More formally, let split \(S\) divides \(n\) leaves into two partitions \(A\) and \(B\). The probability that a randomly chosen leaf \(x\) is in partition \(k\) is \(P(x \in k) = \frac{|k|}{n}\). \(S\) thus corresponds to a random variable with entropy \(H(S) = -\frac{|A|}{n} \log_2{\frac{|A|}{n}} - \frac{|B|}{n}\log_2{\frac{|B|}{n}}\) (Meila, 2007). The joint entropy of two splits, \(S_1\) and \(S_2\), corresponds to the entropy of the association matrix of probabilities that a randomly selected leaf belongs to each pair of partitions:

  \(S_1: x \in A_1\) \(S_1: x \in B_1\)
\(S_2: x \in A_2\) \(P(A_1,A_2) = \frac{|A_1 \cap A_2|}{n}\) \(P(B_1,A_2) = \frac{|B_1 \cap A_2|}{n}\)
\(S_2: x \in B_2\) \(P(A_1,B_2) = \frac{|A_1 \cap B_2|}{n}\) \(P(B_1,B_2) = \frac{|B_1 \cap B_2|}{n}\)

\(H(S_1, S_2) = P(A_1,A_2) \log_2 {P(A_1,A_2)} + P(B_1,A_2) \log_2 {P(B_1,A_2)}\)

\(+ P(A_1,B_2)\log_2{P(A_1,B_2)} + P(B_1,B_2)\log_2{P(B_1,B_2)}\)

These values can then be substituted into the definitions of mutual information and entropy distance given above.

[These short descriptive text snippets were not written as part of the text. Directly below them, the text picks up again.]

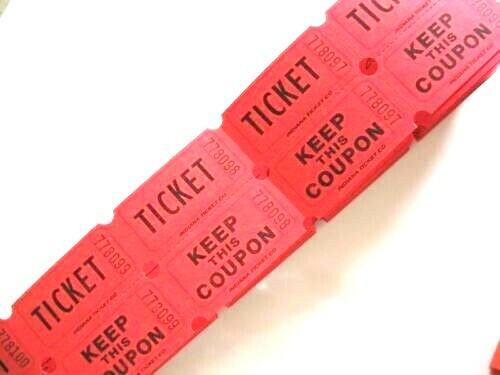 Raffle Tickets 100 Flat Double Stub 50/50 Keep This Coupon Carnival Festival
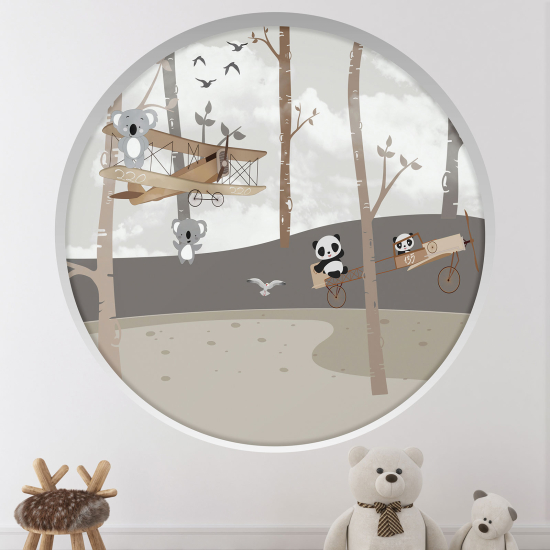 Adesivo Murale - Illusione ottica - Arco rotondo per Bambini - Animali aerei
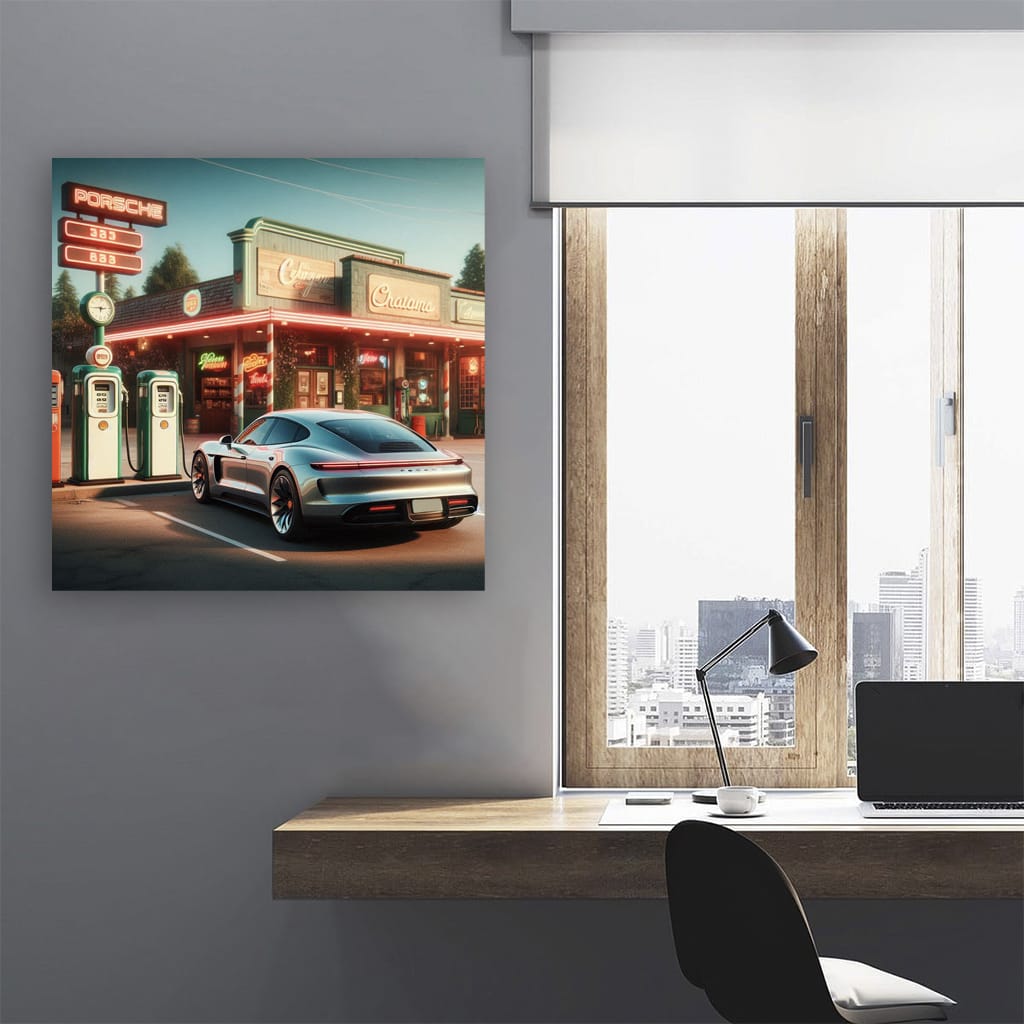 Vintage Style Porsche Taycan - Timeless Elegance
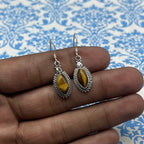 Boho Marquise Shape Tiger Eye Silver Earrings – Elegant Everyday Wear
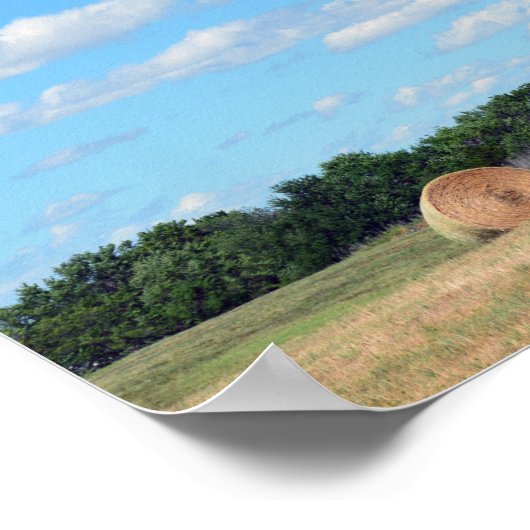 Kansas Hay Bales Poster (Hoek)
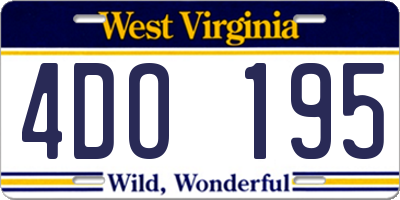 WV license plate 4DO195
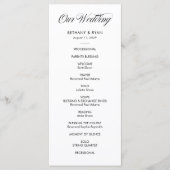 Elegantes Hochzeitsprogramm mit fancy Schrift Programm (Vorderseite)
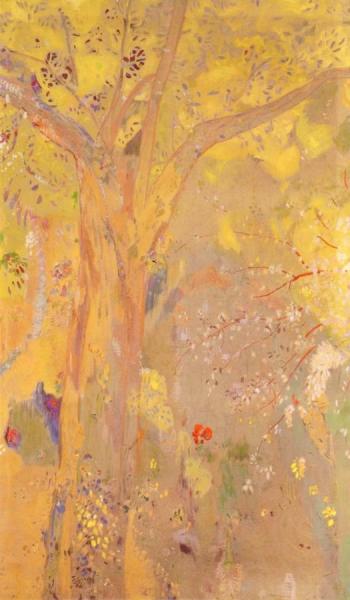 Tree On Yellow Background by Odilon Redon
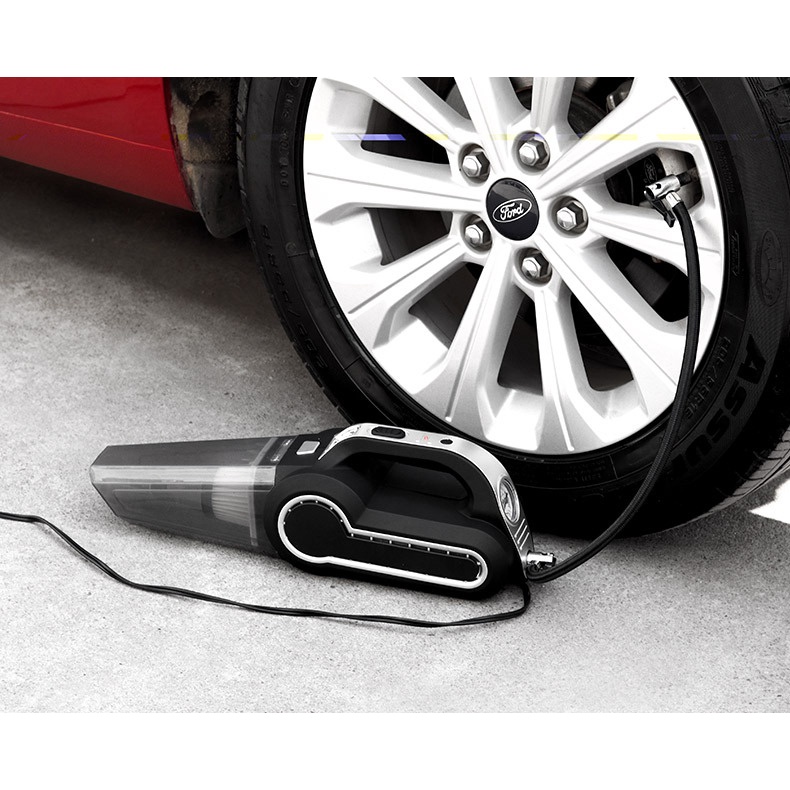 Máy hút bụi xe hơi đo áp suất lốp xe có đèn chiếu sáng công suất cao 4 trong 1 đa năng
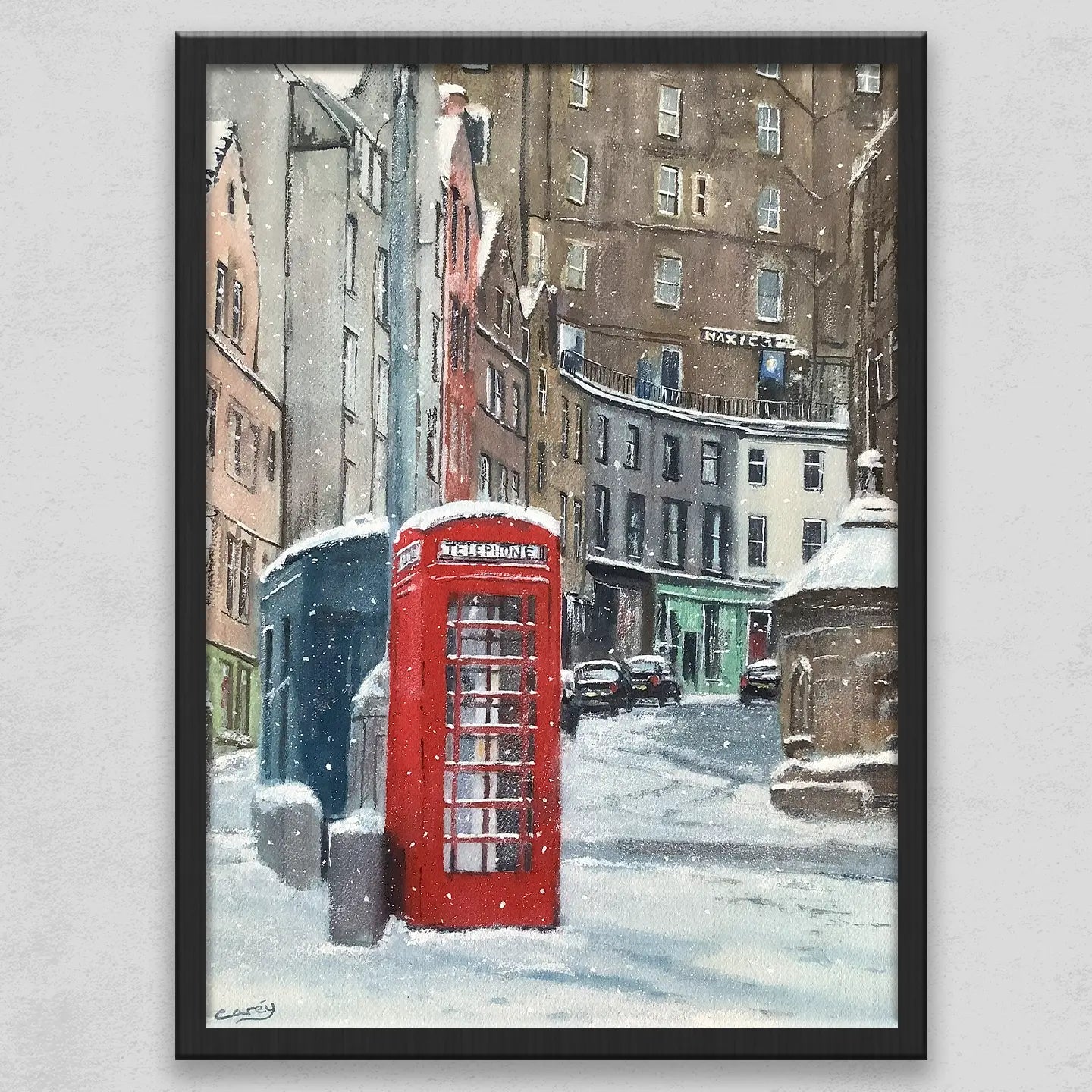 Red Phone Box in Winter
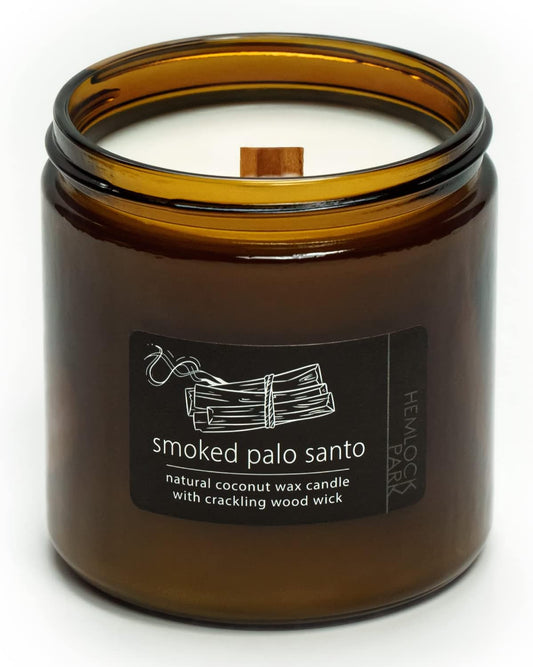 Hemlock Park Crackling Wood Wick Candle Handcrafted with Natural Coconut Wax and Essential Oils (Smoked Palo Santo, Large 16 oz)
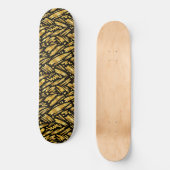 Skateboard Motif abstrait de feuille d'or (Recto)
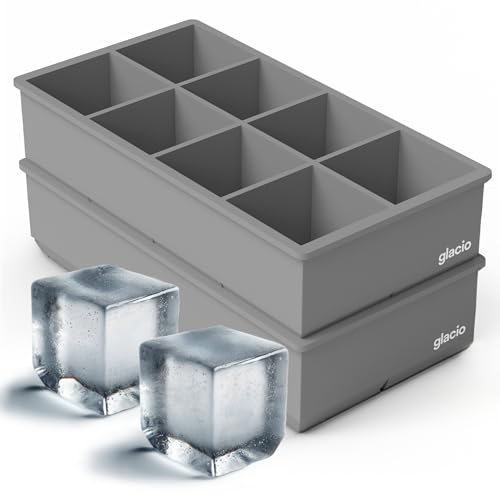 Ice Cube Molds, 2 Pack Silicone Trays for 8 Large Square Cubes - color: 2" Cube (Gray)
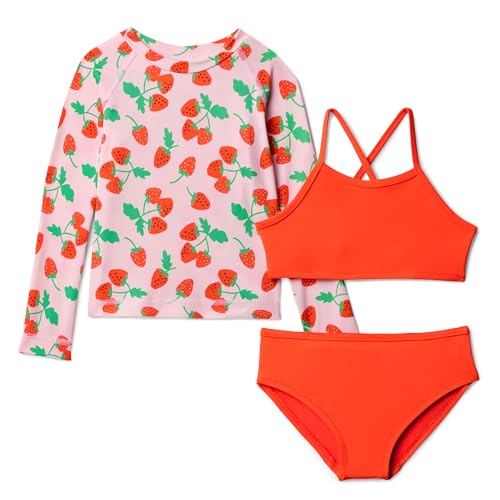 Amazon Essentials Girls Long Sleeve Rash Guard Three-piece Bikini Swim Set Strawberries/Tomato Red Medium
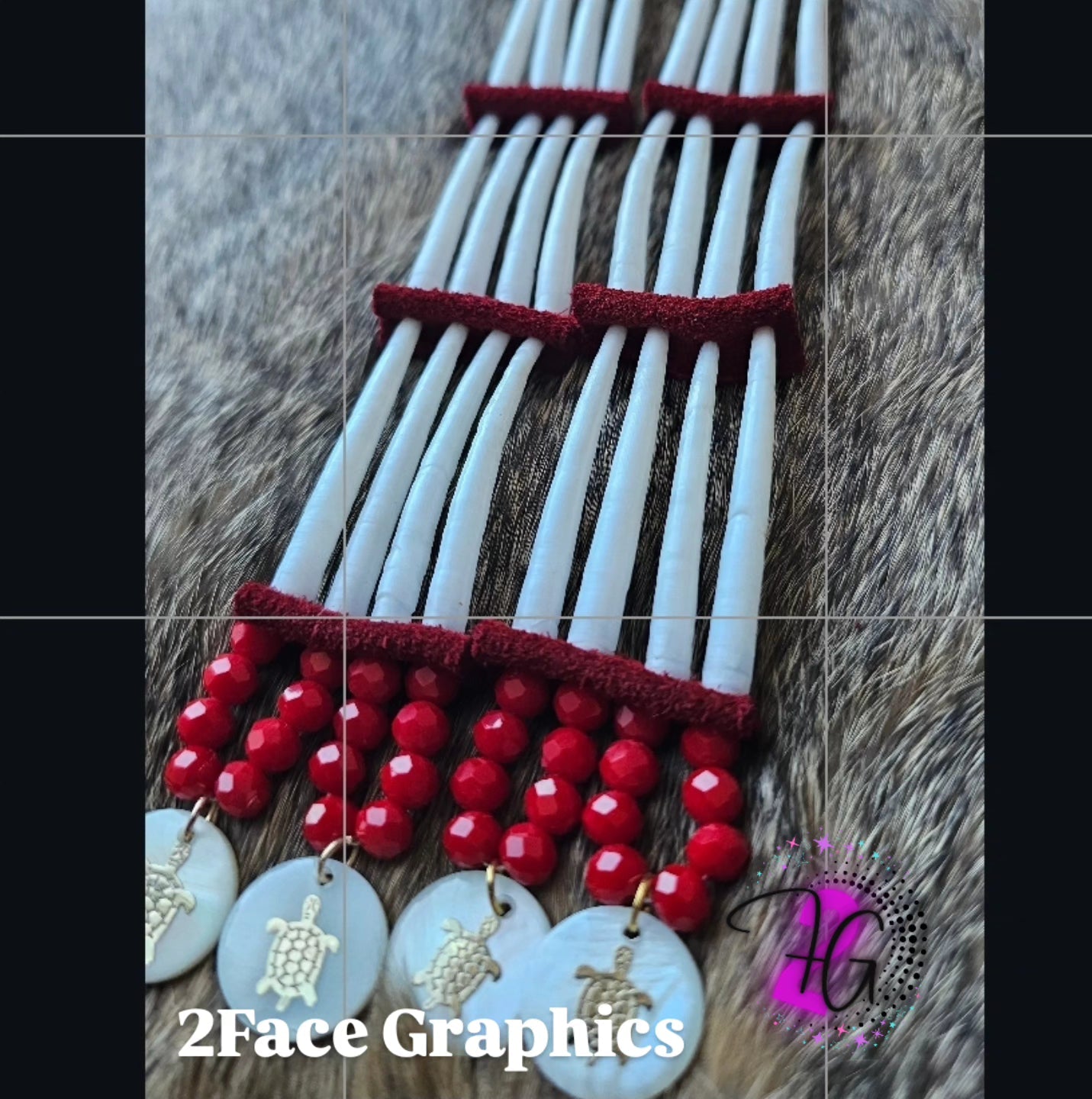 Turtle dentalium earring 2Face Graphics
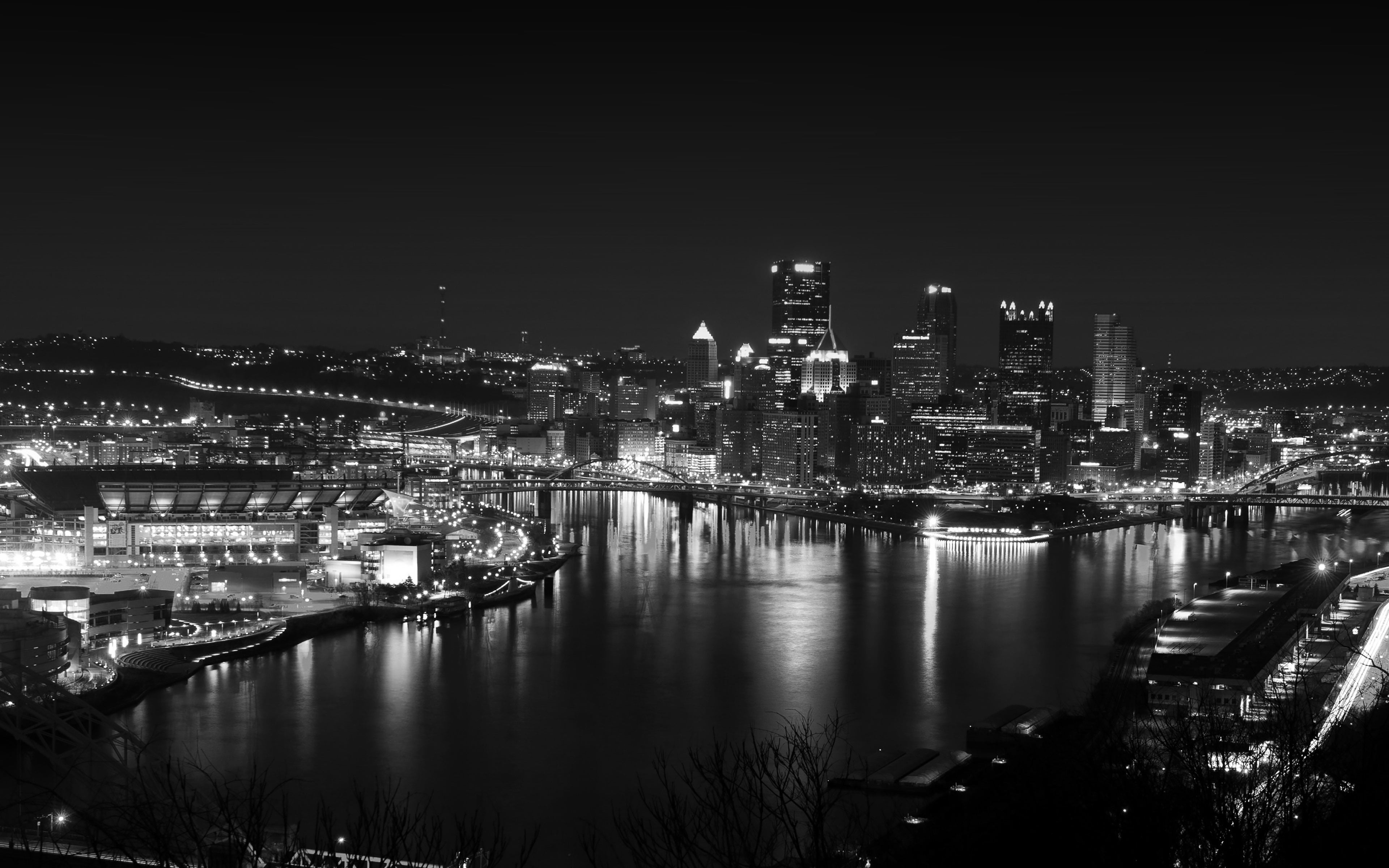 4K, skyscraper, dark, river, pittsburgh, residential district, reflection, water, no people, building exterior, cityview, night, architecture, skyline, HD Wallpaper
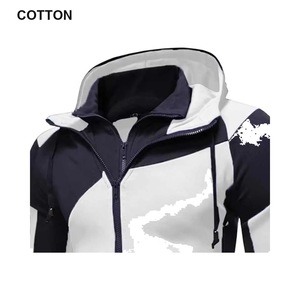 <b>Men</b> Cotton Jogging Suit Black <b>White</b> Color Block Full Zip Hoodie <b>Trousers</b> Tracksuit Set Manufacturer Custom Logo - Product Image 4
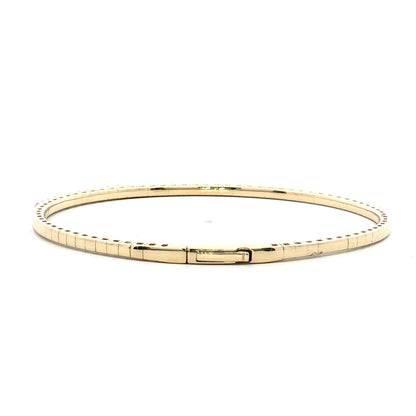 1.30 Ruby & Diamond Bangle Bracelet 14k Yellow Gold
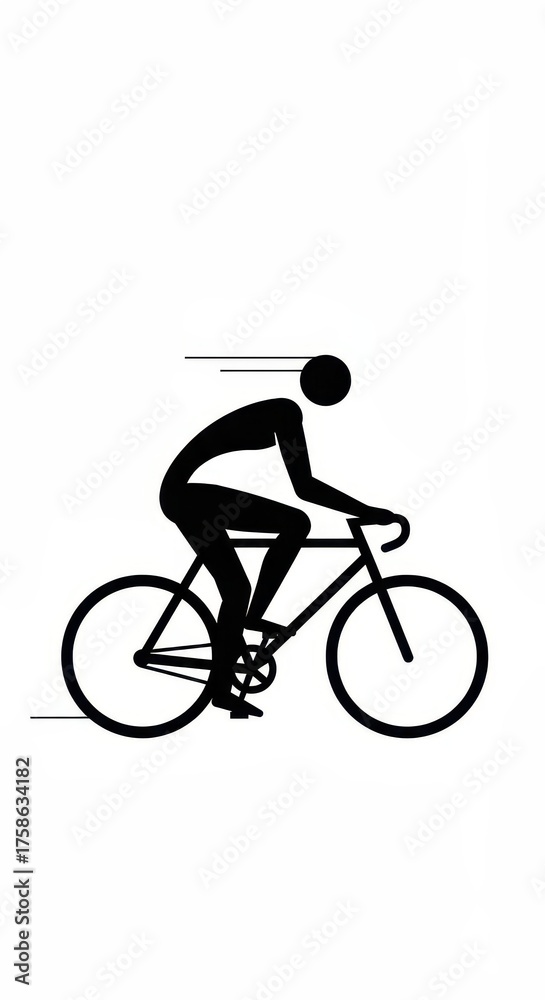 Fototapeta premium Silhouetted person rides bicycle with motion blur effect.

As \(S_1\) and \(S_2\) become more different, the disposition of \(S_1\) gives less information about the configuration of \(S_2\), and the mutual information decreases accordingly.


MacKay, D. J. C. (2003). Information theory, inference, and learning algorithms. Cambridge: Cambridge University Press. Retrieved from
Meila, M. (2007). Comparing clusterings—an information based distance. Journal of Multivariate Analysis, 98(5), 873–895. doi:10.1016/j.jmva.2006.11.013
Shannon, C. E. (1948). A mathematical theory of communication. Bell System Technical Journal, 27, 379–423, 623–656.
Steel, M. A., & Penny, D. (2006). Maximum parsimony and the phylogenetic information in multistate characters. In V. A. Albert (Ed.), Parsimony, phylogeny, and genomics (pp. 163–178). Oxford: Oxford University Press.